Molecular determinants and mechanisms of arthropod-borne flavivirus transmission to the vertebrate host are poorly understood. In this study, Old Dominion University researchers show for the first time that a cell line from medically important arthropods, such as ticks, secretes extracellular vesicles (EVs) including exosomes that mediate transmission of flavivirus RNA and proteins to the human cells. This study shows that tick-borne Langat virus (LGTV), a model pathogen closely related to tick-borne encephalitis virus (TBEV), profusely uses arthropod exosomes for transmission of viral RNA and proteins to the human- skin keratinocytes and blood endothelial cells. Cryo-electron microscopy showed the presence of purified arthropod/neuronal exosomes with the size range of 30 to 200 nm in diameter. Both positive and negative strands of LGTV RNA and viral envelope-protein were detected inside exosomes derived from arthropod, murine and human cells. Detection of Nonstructural 1 (NS1) protein in arthropod and neuronal exosomes further suggested that exosomes contain viral proteins. Viral RNA and proteins in exosomes derived from tick and mammalian cells were secured, highly infectious and replicative in all tested evaluations. Treatment with GW4869, a selective inhibitor that blocks exosome release affected LGTV loads in both arthropod and mammalian cell-derived exosomes. Transwell-migration assays showed that exosomes derived from infected-brain-microvascular endothelial cells (that constitute the blood-brain barrier) facilitated LGTV RNA and protein transmission, crossing of the barriers and infection of neuronal cells. Neuronal infection showed abundant loads of both tick-borne LGTV and mosquito-borne West Nile virus RNA in exosomes. These data also suggest that exosome-mediated LGTV viral transmission is clathrin-dependent.

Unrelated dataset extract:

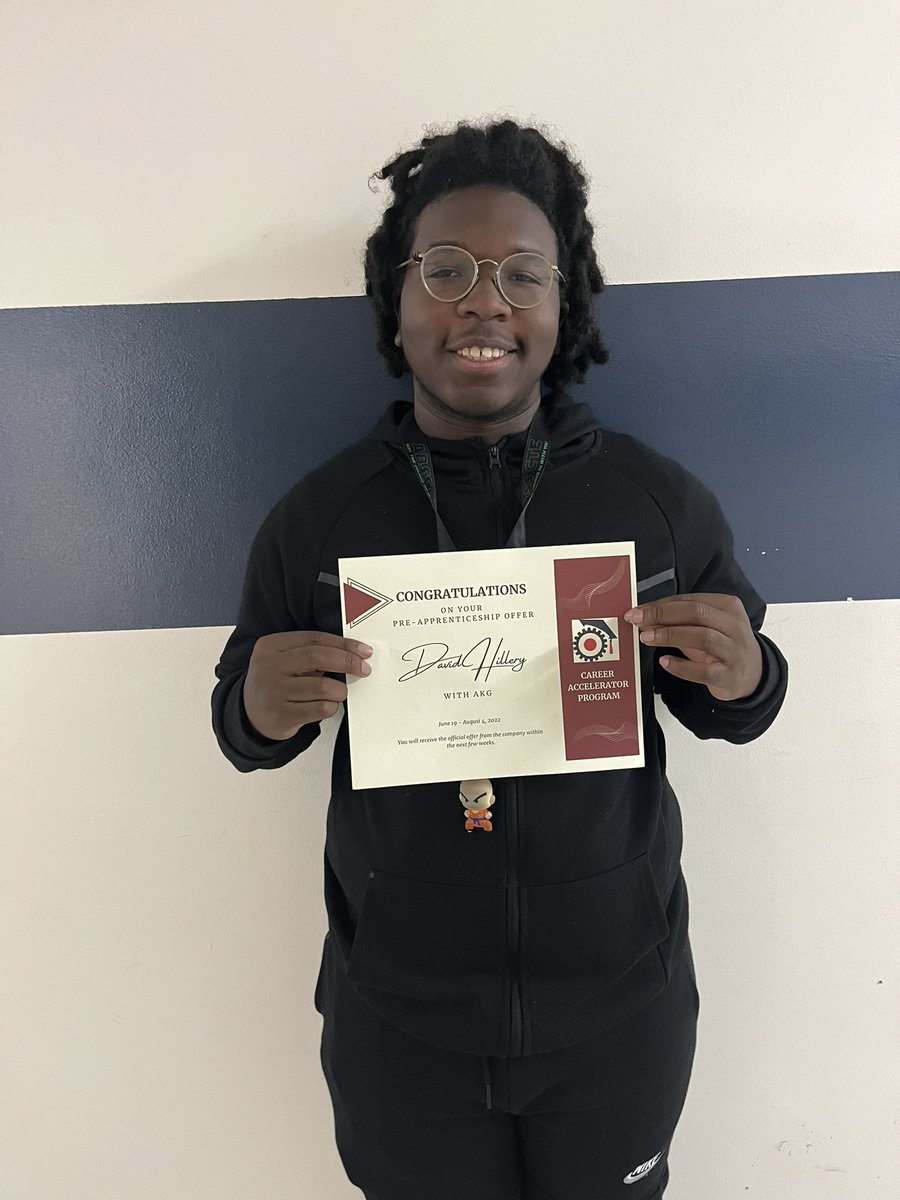 Robin Bowers tweet media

Proposed model showing arthropod-borne flaviviruses transmission to
human host via arthropod exosomes
Tick bite or injection/spit of saliva from infected ticks deposits exosomes containing viral infectious RNA or proteins securely to humans. Exosomes derived from tick cells/saliva infect human skin (keratinocytes) or may directly deposit saliva enriched with exosome containing tick-borne viruses into the blood capillaries/vessels. Exosomes derived from vascular endothelial cells containing flaviviruses infect neighboring endothelial cells leading into infection of the peripheral system. Higher viral loads in peripheral tissues increase viremia in blood and eventually allow entry and replication of these arthropod-borne viruses in brain microvascular endothelial cells that line the BBB. Early production and higher loads of flaviviruses in brain endothelial cells would allow these viruses to cross BBB and infect neurons. Infected neurons produce high numbers of exosomes containing infectious RNA and proteins that fuse with cell membranes of naïve neuronal cells thereby infecting neighboring neurons and leading to spread of infection and severe neuronal loss.
Collectively, these results suggest that flaviviruses uses arthropod-derived exosomes as a novel means for viral RNA and protein transmission from the vector, and the vertebrate exosomes for dissemination within the host that may subsequently allow neuroinvasion and neuropathogenesis.